*** Opening SUPPLIED DATA ***

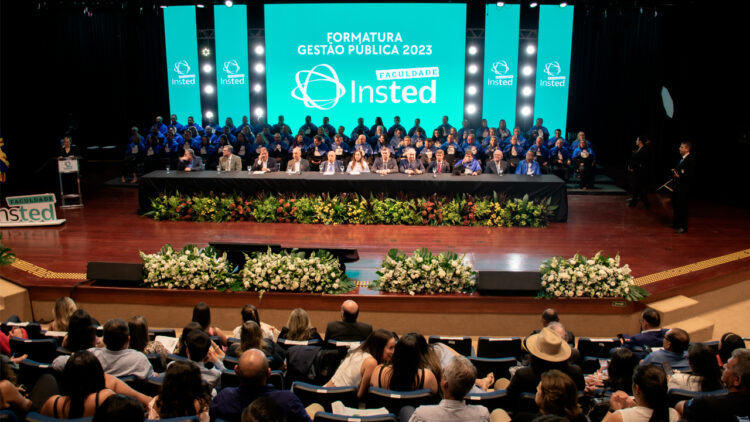 Prefeitos do Estado concluem graduação em gestão pública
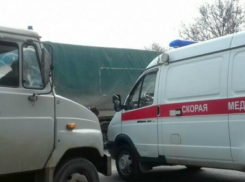 Скорая помощь с пациенткой в предынсультном состоянии попала в ДТП в Ростове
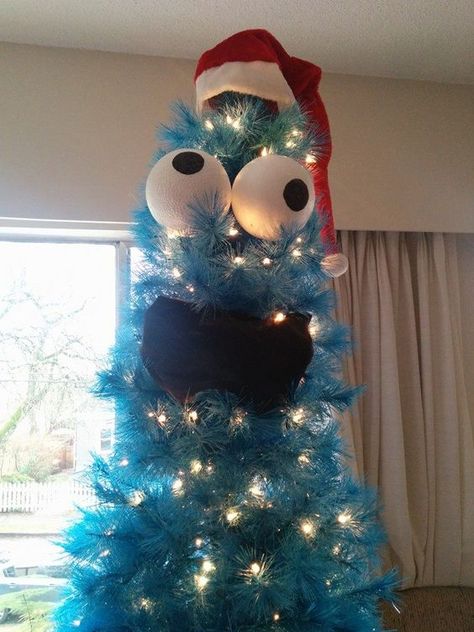 Cookie Monster Tree...these are the most Creative Christmas Trees! Christmas Tree Toppers Unique, Popsicle Stick Christmas Crafts, Creative Christmas Trees, Blue Christmas Tree, Unique Christmas Trees, Christmas Tree Ideas, Navidad Diy, Indoor Christmas Decorations, Indoor Christmas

*** Closing SUPPLIED DATA ***

→ TASK TO COMPLETE:
The response should hold only an exact retyping of the lines from the beginning of the data through the line containing "Скорая помощь с", both ends kept, pictures omitted.

→ SOLUTION:
 Prefeitos do Estado concluem graduação em gestão pública
 Скорая помощь с пациенткой в предынсультном состоянии попала в ДТП в Ростове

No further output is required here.